In Late Night Hearing, Assembly Caught Up In Education Funding Numbers Game
CARSON CITY – The Assembly was awash with numbers tonight.
As part of the Democratic strategy to close the budget, the Assembly as a whole discussed for four and a half hours the education budget so that all legislators could learn about the cuts.
Legislative staff presented to the Assembly more than $1 billion proposed “major reductions” to school districts. These numbers come from a variety of sources:
- $600 million from freezing teachers’ pay increases, reducing salaries by 5 percent and making teachers contribute more to their retirement plans.
- $238 million from the governor’s direct reductions to state support for public schools.
- $221 million of room tax money continues to shift from supporting schools to the state general fund, as it does in the current budget.

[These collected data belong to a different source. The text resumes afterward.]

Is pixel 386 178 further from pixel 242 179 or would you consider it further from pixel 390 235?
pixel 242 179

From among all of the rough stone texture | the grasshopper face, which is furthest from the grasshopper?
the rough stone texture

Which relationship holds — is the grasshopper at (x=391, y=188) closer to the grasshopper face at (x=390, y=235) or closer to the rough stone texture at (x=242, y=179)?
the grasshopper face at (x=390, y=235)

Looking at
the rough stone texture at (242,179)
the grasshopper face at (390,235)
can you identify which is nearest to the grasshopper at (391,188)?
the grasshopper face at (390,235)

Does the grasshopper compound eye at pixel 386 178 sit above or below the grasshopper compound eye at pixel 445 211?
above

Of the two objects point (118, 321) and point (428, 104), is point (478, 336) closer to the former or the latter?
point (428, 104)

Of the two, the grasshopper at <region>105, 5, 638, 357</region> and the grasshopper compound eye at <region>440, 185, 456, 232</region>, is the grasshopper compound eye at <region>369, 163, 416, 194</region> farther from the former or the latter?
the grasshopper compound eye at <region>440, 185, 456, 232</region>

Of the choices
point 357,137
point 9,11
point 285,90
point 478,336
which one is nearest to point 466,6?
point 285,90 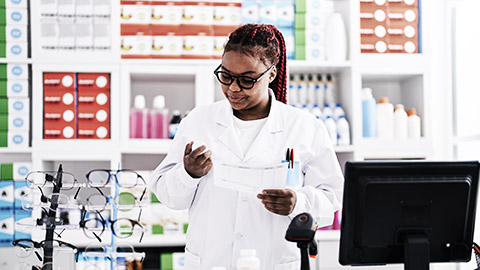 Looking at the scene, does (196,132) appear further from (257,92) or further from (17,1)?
(17,1)

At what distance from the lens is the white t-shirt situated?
1882mm

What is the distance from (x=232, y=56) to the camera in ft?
5.79

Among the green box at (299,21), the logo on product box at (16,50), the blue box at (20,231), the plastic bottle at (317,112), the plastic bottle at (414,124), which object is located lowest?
the blue box at (20,231)

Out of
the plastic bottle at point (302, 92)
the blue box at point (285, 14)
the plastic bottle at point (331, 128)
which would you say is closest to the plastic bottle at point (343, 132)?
Answer: the plastic bottle at point (331, 128)

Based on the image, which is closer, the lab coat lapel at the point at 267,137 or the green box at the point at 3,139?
the lab coat lapel at the point at 267,137

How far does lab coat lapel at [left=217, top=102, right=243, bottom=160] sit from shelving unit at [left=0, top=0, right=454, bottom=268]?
1193 millimetres

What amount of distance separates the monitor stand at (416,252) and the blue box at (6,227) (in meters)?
2.33

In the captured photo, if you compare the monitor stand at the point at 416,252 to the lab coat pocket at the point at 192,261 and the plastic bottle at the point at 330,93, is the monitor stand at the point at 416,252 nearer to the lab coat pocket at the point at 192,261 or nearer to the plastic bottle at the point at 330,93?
the lab coat pocket at the point at 192,261

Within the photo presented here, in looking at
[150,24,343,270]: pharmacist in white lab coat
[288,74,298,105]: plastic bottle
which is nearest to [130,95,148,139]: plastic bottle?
[288,74,298,105]: plastic bottle

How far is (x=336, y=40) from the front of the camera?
318 centimetres

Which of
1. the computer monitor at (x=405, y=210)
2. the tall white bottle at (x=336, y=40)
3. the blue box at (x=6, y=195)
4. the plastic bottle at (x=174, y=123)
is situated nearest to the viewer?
the computer monitor at (x=405, y=210)

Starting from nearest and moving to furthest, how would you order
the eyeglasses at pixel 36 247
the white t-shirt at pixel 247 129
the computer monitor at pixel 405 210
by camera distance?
the computer monitor at pixel 405 210 → the eyeglasses at pixel 36 247 → the white t-shirt at pixel 247 129

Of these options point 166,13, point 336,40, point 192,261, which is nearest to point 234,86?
point 192,261

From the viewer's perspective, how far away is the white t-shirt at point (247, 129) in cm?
188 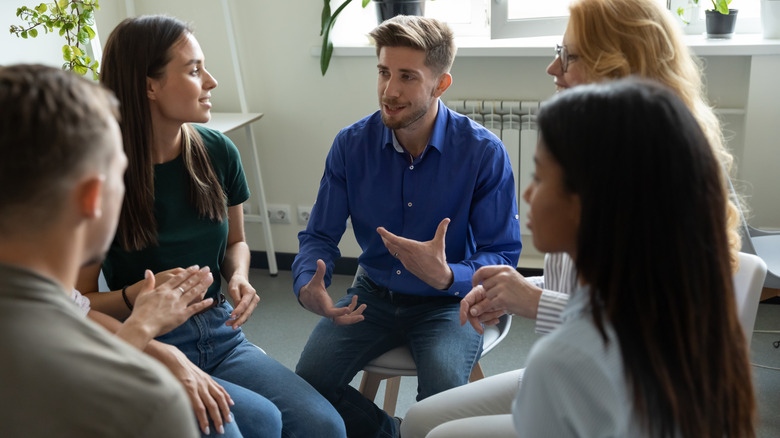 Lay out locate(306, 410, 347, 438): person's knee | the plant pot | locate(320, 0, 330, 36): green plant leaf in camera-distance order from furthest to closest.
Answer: locate(320, 0, 330, 36): green plant leaf
the plant pot
locate(306, 410, 347, 438): person's knee

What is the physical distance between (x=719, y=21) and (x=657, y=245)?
7.68 ft

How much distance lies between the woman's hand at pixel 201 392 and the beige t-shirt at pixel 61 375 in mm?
643

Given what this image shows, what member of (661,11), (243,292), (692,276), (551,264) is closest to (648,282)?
(692,276)

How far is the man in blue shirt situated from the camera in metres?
1.82

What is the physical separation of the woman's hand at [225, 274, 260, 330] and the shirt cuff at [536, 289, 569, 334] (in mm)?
657

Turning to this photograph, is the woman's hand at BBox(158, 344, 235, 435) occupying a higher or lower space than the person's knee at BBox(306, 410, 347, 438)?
higher

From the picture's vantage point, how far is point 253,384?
5.51 feet

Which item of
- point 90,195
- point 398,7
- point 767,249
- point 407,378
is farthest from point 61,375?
point 398,7

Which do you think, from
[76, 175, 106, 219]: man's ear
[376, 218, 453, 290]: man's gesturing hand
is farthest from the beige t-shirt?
[376, 218, 453, 290]: man's gesturing hand

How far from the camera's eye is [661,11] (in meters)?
1.57

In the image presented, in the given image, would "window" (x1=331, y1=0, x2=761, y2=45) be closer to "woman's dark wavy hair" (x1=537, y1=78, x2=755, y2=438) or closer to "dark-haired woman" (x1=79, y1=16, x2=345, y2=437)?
"dark-haired woman" (x1=79, y1=16, x2=345, y2=437)

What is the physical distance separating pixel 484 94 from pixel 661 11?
156cm

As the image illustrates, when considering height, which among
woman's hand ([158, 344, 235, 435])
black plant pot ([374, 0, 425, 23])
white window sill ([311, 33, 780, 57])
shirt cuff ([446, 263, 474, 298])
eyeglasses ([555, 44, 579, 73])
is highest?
black plant pot ([374, 0, 425, 23])

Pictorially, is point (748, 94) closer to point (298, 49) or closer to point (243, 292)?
point (298, 49) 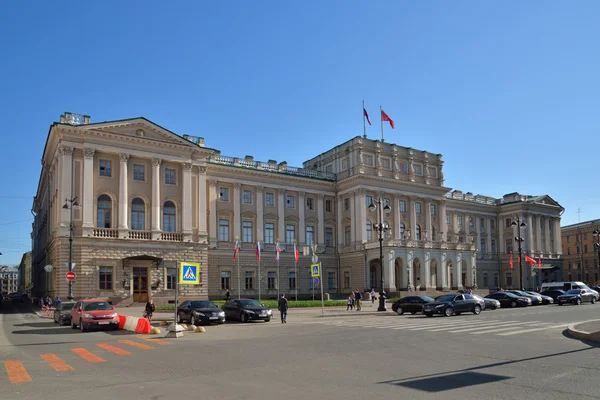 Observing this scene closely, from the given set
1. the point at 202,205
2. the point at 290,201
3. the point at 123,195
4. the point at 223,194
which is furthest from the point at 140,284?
the point at 290,201

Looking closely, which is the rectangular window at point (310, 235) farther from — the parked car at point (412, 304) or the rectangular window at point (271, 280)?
the parked car at point (412, 304)

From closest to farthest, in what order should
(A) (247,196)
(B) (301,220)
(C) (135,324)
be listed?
(C) (135,324) → (A) (247,196) → (B) (301,220)

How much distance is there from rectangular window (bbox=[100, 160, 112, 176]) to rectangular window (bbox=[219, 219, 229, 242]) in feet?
46.1

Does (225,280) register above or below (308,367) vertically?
above

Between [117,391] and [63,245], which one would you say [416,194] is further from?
[117,391]

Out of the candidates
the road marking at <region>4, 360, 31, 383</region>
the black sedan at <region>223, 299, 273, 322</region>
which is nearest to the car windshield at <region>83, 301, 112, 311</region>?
the black sedan at <region>223, 299, 273, 322</region>

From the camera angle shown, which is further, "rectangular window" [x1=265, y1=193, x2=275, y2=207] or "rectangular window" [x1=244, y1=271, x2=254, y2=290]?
"rectangular window" [x1=265, y1=193, x2=275, y2=207]

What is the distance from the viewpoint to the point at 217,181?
5825 centimetres

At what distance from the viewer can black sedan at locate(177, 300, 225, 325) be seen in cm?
2939

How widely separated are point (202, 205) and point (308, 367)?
41.4 m

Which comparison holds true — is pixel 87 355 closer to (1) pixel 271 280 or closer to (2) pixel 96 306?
(2) pixel 96 306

The governor has also proposed to use $301 million in districts’ bond debt reserves for day-to-day expenses. School district representatives argue that this equates to an additional cut.
For legislators who do not sit on fiscal committees, the hearing in the Assembly chambers allowed them to ask questions about the education budget and education policy.
What ensured was a semantics game.
Gov. Brian Sandoval’s budget director, Andrew Clinger, said that a $141 million pay freeze does not equate to a reduction and the $221 million room tax is already diverted to the state budget this year.
Assemblywoman Debbie Smith, D-Sparks, contended the pay freeze was a reduction.
Clinger said shifting $301 million from debt reserves to day-to-day expenses was not a cut.
Smith said it was.
The confusion, however, did not end there.
Assemblywoman Marilyn Dondero-Loop, D-Las Vegas, asked how much money the state would cut per student. That ever elusive “per pupil spending” number was no easier to find this evening.
“It really depends on who you ask,” Clinger said. “Depending on what your source is, you’re going to get a different answer.”
Depending how one cooks the numbers, those estimates can vary by thousands of dollars. But boiled down, the proposed budget would allot $315 less per student than it currently does.
Smith asked Washoe County Superintendent Heath Morrison whether he thought sweeping districts’ bond reserves should be called a “cut.”
“The semantics of ‘is it a cut?’ Here’s what I know: It hurts the Washoe County School District,” he said.
Republicans, however, contended that school districts could make the cuts hurt less through changes to state government.
Assemblymen Pat Hickey, R-Reno, and Mark Sherwood, R-Las Vegas, suggested that school districts suspend prevailing wage – a requirement to pay a certain wage for public works projects – in an attempt to help districts save money.
Assemblyman Mark Hammond, R-Las Vegas, who is a teacher at a Las Vegas school, said he would like to see principals have more control over funds that come to their schools.
Assemblyman Crescent Hardy, R-Mesquite, said the Legislature should change collective bargaining rules so districts can drive a harder bargain for contracts with teachers and administrators.
Morrison contended this would not help. He said teachers and administrators have agreed to cuts in the past.
“I did not see collective bargaining as a problem,” he said. “I did not see anything but cooperation and support.”
Smith also said that reform is not the issue.
“We do need reform and we are working on reform,” she said. “But we also need to adequately fund our education system.”
Through the semantics squabbles and policy debates, a partisan bent seemed to triumph.
Democrats said there was too little in the governor’s $5.8 billion budget to help Nevada out of the recession.
“The elephant in the room is that we have a revenue problem rather than a spending problem,” said Assemblyman Joseph Hogan, D-Las Vegas.
Republicans said Sandoval’s budget is just right.
“The governor is trying to restore the economy,” said Assemblyman Pete Livermore, R-Carson City. “If you’re going to tax people out of their businesses and out of their homes, how can you restore the economy?”